Explaining how road building planning works

Highway Lobby, drawing by Sammie Abbot, Emergency Committee on the Transportation Crisis
Image by Sammie Abbott (now deceased, former Mayor of Takoma Park) as part of the anti-freeway campaign by the citizen advocacy group, Emergency Committee on the Transportation Crisis. From an exhibit at Union Station by the DC Department of Transportation.

Relating to the point made by Robert Puentes in the new book, Century of the City, about how funding for transit goes through a brutal review process and road funding doesn't get reviewed in the same way, and is higher as well, Dean Gunderson, of Dreiling Terrones Architects, wrote about the highway planning process on another email list:

There were very few 'constituencies' in road design before the late 50's, so it's very hard to draw parallels between how something was designed & built before half a century ago -- and the processes followed today. I believe the only thing you can be sure of was the haste with which the Interstate system was laid out (designed, in a loose sense) and how it wreaked havoc on local urbanism. It might surprise some to know that the entire Interstate system was designed by military generals over a six month period (and they never left Washington, D.C. during the entire time).

What's surprising about freeway expansion projects today is the amount of 'public' involvement actually carried out, sometimes taking upwards of several years. It's just that this engagement is with local officials and metropolitan planning organizations, and not the lay public. The theory being that local officials (mayors, council members, commissioners, local public works engineers, and senior planners) represent the interests of their local communities. It's a scenario that is fraught with contention, since it's the local homeowners, renters, and businesses that will be directly impacted by such expansions (though condemnations, or environmental impacts), or indirectly (through induced land use changes), and they usually only get to see the specifics of a proposal after its on the books for potential funding. By then it's seen as a 'done deal'.

There were recent changes in the way the FHWA is required to involve local stakeholders, mostly dealing with due diligence issues to ensure local governments were included in initial environmental reviews.
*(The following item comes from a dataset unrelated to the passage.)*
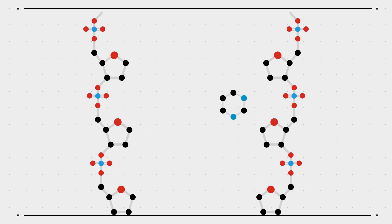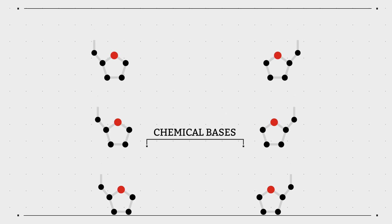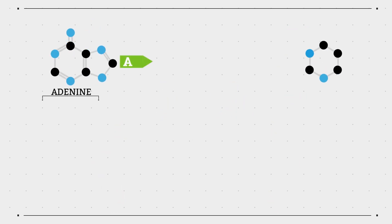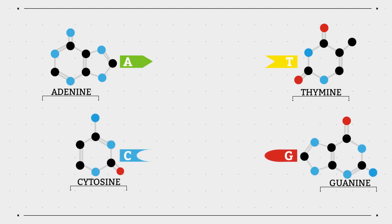The rungs of the ladder that connect these two backbones are made up of chemical bases that are weakly bonded together. There are four different kinds of chemical bases present in DNA: adenine, thymine, cytosine and guanine.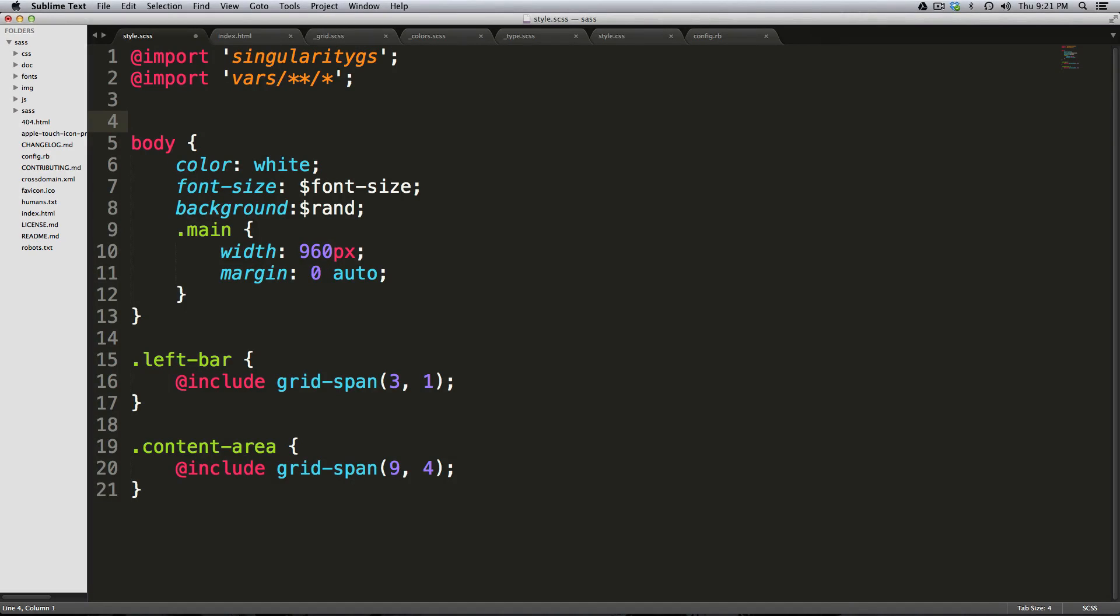Hey what's up, this is Scott with Level Up Tuts and today I'm going to show you one of my favorite packages for Sublime Text 3. This package is for writing CSS.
It's not that the locals wouldn't normally be at the table, the Feds just wanted to establish a CYA paper trail to show that invitations were extended at every step -- so they can show copies of invitation letters to that state's D.C. delegation when the shit hits the fan over time delays, cost over runs, and/or inattentiveness to local needs.

I agree with Paul regarding the need to address crumbling infrastructure now. To put it in transportation-speak, Federal Quick Start funding should be expended solely on renewal and replacement projects -- and never to improve, or ameroliate, existing Levels of Service. This equates to no new bridges, no road widenings, and no road extensions.

But not all roads are built with Federal funds (or even Federal money funneled through state DOT's), in fact, the vast majority of roads are built with local money. And, if you're an NU advocate most of the road work you should be advocating for construction will be built by either developers or local highway departments. These are all the fine grained, highly connected, mesh-work of local streets (that just happen to help make great neighborhoods) -- and barely a single Federal rule will apply to how these roads will, or won't, be built.

If you want a sea change in the role the Fed's play in highway funding, crack through the stranglehold state DOT's have on the planning process. Make federal money available for planning and designing local urban street networks in & around urban refill sites. Make these funds directly payable to local highway departments, governed by Boards/Commissions that have ordinance passing authority (and final plat signing authority) -- and require only one thing of these recipients, that the money going for these improved road networks will only be granted to districts that have TND/TOD ordinances (and the programmed roads are actually inside the pre-determined TND/TOD Districts).

You would see a whole different kind of scrambling then -- with the oddest bedfellows ever seen (Road Builders and Concrete/Asphalt Suppliers, and New Urbanists).